Un an auparavant, Adam s'était retrouvé sur la côte Nord de l'Angleterre, à demi-nu, d'une saleté repoussante et blessé par les rochers contre lesquels la mer l'avait roulé. Il ne savait pas qui il était, il ignorait d'où il venait. La seule chose qu'il savait était qu'il avait faim, soif, et surtout, que le monde l'attendait. C'était en nouveau messie rustre et naïf qu'il avait marché le long de la côte, volant des vêtements et de la nourriture, pour finir par atterrir au Nord de Londres, au milieu de fermes agricoles, dans lesquelles un garçon de ferme fort et suffisamment peu cultivé pour ne pas rechigner à d'ingrates tâches contre un salaire de misère était le bienvenue. C'était dans ces conditions qu'il vivait, et ce jour-là, un jour comme tous les autres durant la matinée duquel il allait vendre des légumes au marché, dans la brume de son esprit et de la ville, un homme, pour la première fois, lui disait quelque chose. Cet homme était peut-être un peu de sa mémoire disparu. Et s'il s'agissait d'un parent? Il mémorisa le lieu, devant le café colonial, au Nord-Est de la place du marché, espérant retrouver cet homme le midi même, après son travail. Mais lorsqu'il posa une dernière fois les yeux sur ce visage connu, cherchant peut-être à le situer dans un fragment de souvenir qui lui serait revenu, ou simplement à mémoriser son visage, celui-ci disparu. Il disparut avec autant de facilité et de netteté qu'il n'était apparu écartant autour de lui la brume épaisse.

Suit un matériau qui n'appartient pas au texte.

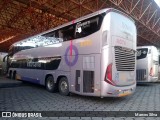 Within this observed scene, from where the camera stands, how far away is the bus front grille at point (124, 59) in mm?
7035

Adam soupira en glissant les mains dans sa poche ventrale de salopette. Au loin, Big Ben sonnait.

Un mois s'écoula. Les fêtes de Noël approchaient, la foule s'agitait, et Adam, très prit, autant par la production qu'il fallait accélérer, que par les marchés dans lesquels il fallait répondre aux demandes présentes, n'y pensa plus. Il fournissait plusieurs maraichers, passait ses matinées à cavaler entre les étales, et, à l'approche de midi, serein, il redescendait sur les docks pour reprendre le bac et remonter le fleuve jusqu'au Londres Nord, où il retrouvait sa petite mansarde insalubre, cachée derrière les bâtiments de la ferme.

Nous étions le lundi dix décembre 1995. Le brouillard sur les rives de la tamise s'était enfin levé, chassé par une petite pluie franche. L'activité des docks fascinait l'esprit rêveur et contemplatif d'Adam. Le chargement et déchargement des énormes containers multicolores, les péniches de commerce qui accostaient puis repartaient. Il erra, les mains dans les poches, flânant vers les hangars, et approcha d'une partie des docks un peu moins active. Les dockers y achevaient leur nuit de travail en écoutant un enfant jouer du violon sous un hangar, certains d'entre-eux, installaient un peu à l'écart, entamaient une partie de dés. Le son du violon l'attira, il s'approcha du petit garçon, un petit mendiant portant sur la tête la gavroche rapiécée qui lui servait à ramasser quelques pièces, qui s'était hissé sur un container d'un orange vif, les jambes pendant dans le vide, heurtant de ses vielles baskets trop petites le plastique qui résonnait comme un tambour.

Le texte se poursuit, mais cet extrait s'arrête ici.